Poemas e Poesias

RAZÕES DE AMAR
J. G. de Araujo Jorge

Gosto de ti
Desesperadamente:
Dos teus cabelos de tarde
Onde mergulho o rosto,
Dos teus olhos de remanso
Onde me morro e descanso;
Dos teus seios de ambrosias,
Brancos manjares, trementes,
Com dois vermelhos morangos
Para as minhas alegrias;

Do teu ventre – uma enseada
Porto sem cais e sem mar
Branca areia a espera da onda
Que em vaivém vai se espraiar;
Dos teus quadris, instrumento
De tantas curvas, convexo,
Das tuas coxas que lembram
As brancas asas do sexo;

Do teu corpo, só de alvuras,
Das infinitas ternuras
De tuas mãos, que são ninhos
De aconchegos e carinhos,
Mãos angorás, que parecem
Que só de carícias tecem,
Esses desejos da gente...

Gosto de ti
Desesperadamente!

Gosto de ti, toda, inteira,
Nua, nua, bela, bela,
Dos teus cabelos de tarde
Aos teus pés de Cinderela,
(há dois pássaros inquietos
em teus pequeninos pés)
– gosto de ti, feiticeira,
tal como tu és...


TIMIDEZ
J. G. de Araujo Jorge

Eu sei que é sempre assim, – longe dela imagino
Mil versos que não fiz mas que ainda hei de compor,
Perto dela, – meu Deus!... lembro mais um menino
Que esquecesse a lição diante do professor...

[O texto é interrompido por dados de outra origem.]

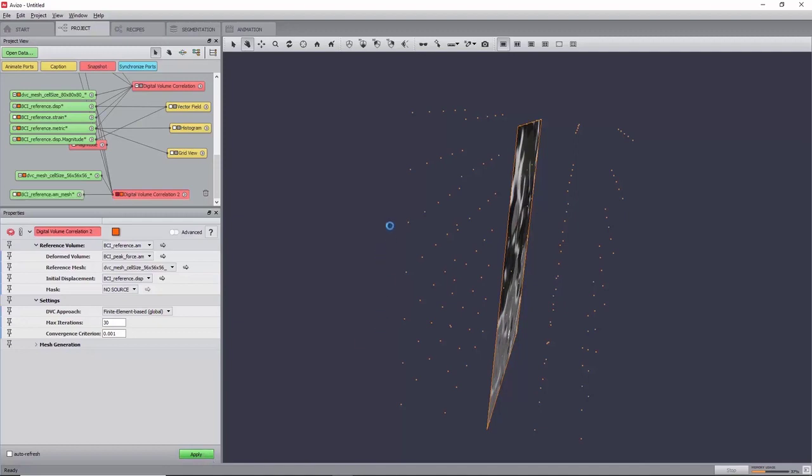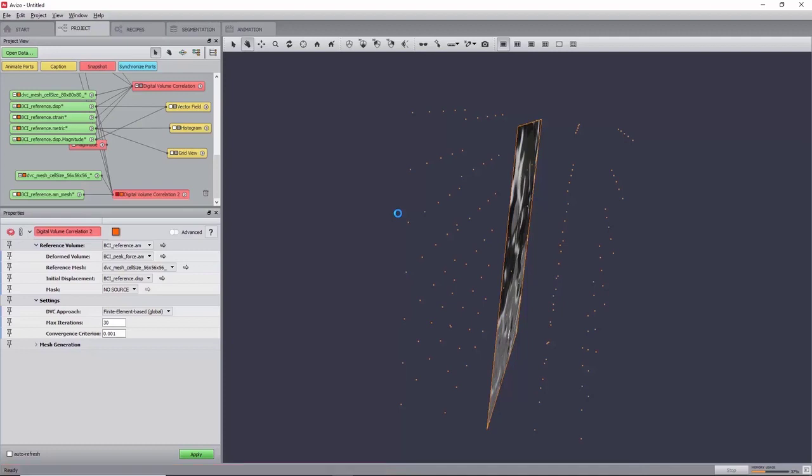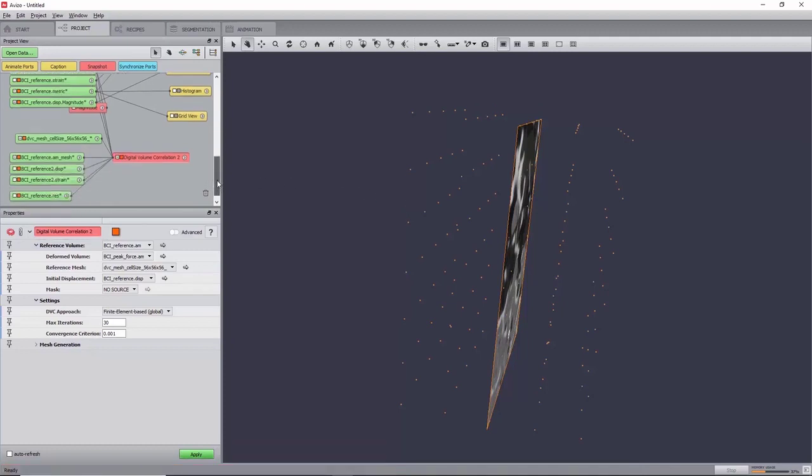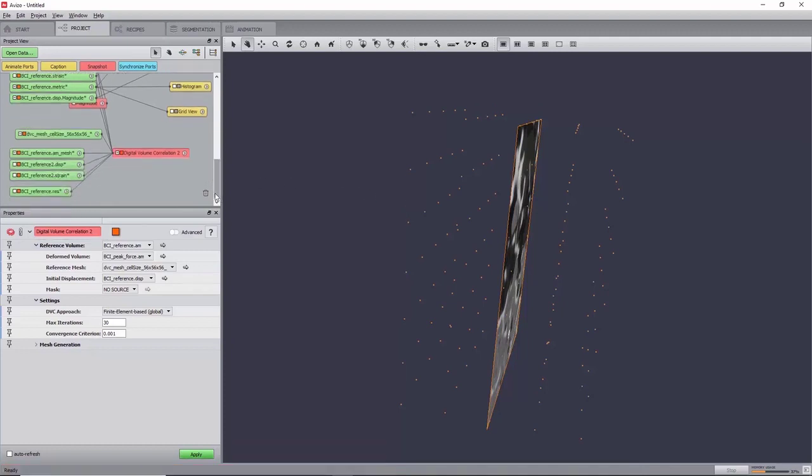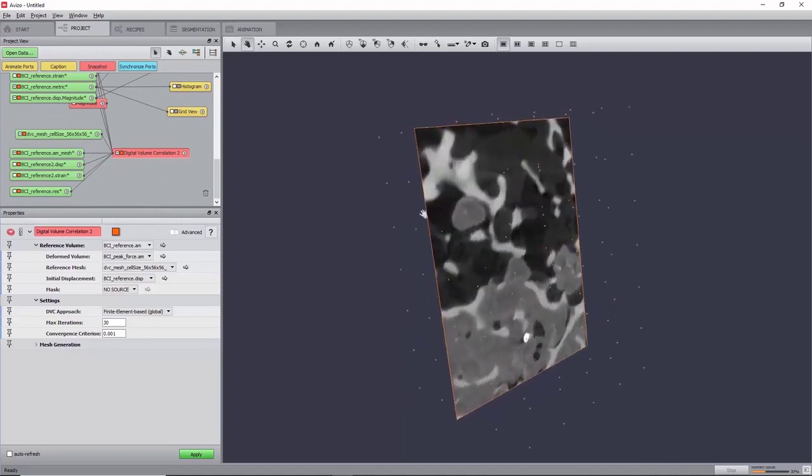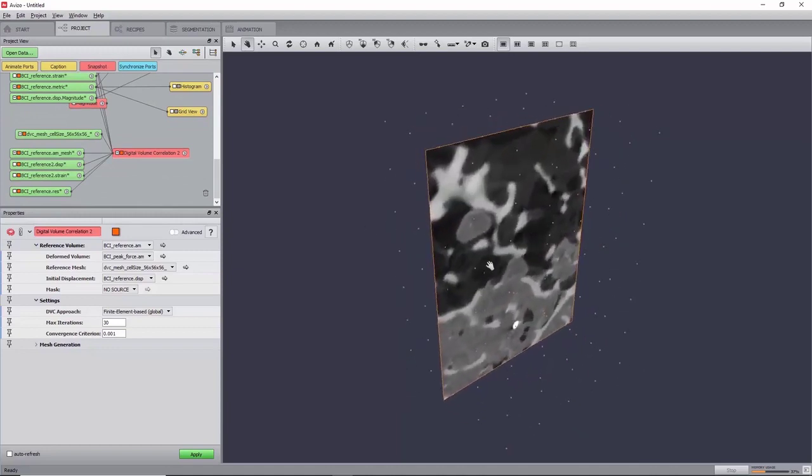Similarly to the local approach, this will create a displacement field and a strain tensor, but unlike it, it will also create a residual image instead of a metric map. In this global approach, the displacement field is obtained by minimizing correlation residuals, which corresponds to the difference between the reference image and the deformed image corrected by the computed displacement field.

Penso, que a minha voz terá sons de violino
Enchendo os seus ouvidos de canções de amor,
– e hei de deixá-la tonta ao vinho doce e fino
dos meus beijos, no instante em que minha ela for...

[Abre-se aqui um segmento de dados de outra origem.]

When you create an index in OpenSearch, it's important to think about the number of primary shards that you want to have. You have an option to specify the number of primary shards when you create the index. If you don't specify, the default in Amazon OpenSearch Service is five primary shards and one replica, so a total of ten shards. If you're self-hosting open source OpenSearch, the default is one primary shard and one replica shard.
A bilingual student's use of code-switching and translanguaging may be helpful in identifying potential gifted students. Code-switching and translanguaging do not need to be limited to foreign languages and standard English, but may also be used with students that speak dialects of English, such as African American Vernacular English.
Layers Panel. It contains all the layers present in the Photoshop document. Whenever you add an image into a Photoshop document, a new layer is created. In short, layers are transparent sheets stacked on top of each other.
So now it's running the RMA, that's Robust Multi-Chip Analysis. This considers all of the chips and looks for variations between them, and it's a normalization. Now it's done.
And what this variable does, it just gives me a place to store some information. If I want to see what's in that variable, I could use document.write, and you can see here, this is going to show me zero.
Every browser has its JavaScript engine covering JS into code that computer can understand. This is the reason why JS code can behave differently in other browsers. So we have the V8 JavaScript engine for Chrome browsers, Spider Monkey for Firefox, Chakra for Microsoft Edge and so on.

Ao seu lado, no entanto, encabulado, emudeço,
E se os seus lábios frios, trêmulos, se calam,
Eu, de tudo, das cousas, de mim mesmo, esqueço...

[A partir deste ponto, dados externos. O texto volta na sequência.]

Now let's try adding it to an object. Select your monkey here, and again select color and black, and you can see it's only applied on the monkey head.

E ficamos assim, ela em silêncio... eu, mudo...
Mas meus olhos, nem sei... ah! Quantas cousas falam!
E seus olhos, seus olhos!... dizem tudo, tudo!


ORAÇÃO
J. G. de Araujo Jorge

Eu que não tenho deus, eu que não tenho crenças
Eu que não tenho santos,
Desde que te vi,
Todas as noites à hora de me deitar
Cerro os olhos e penso em ti...
E todas as noites, desde então
Sem querer
Sem notar,
A minh`alma em meus lábios começa a rezar...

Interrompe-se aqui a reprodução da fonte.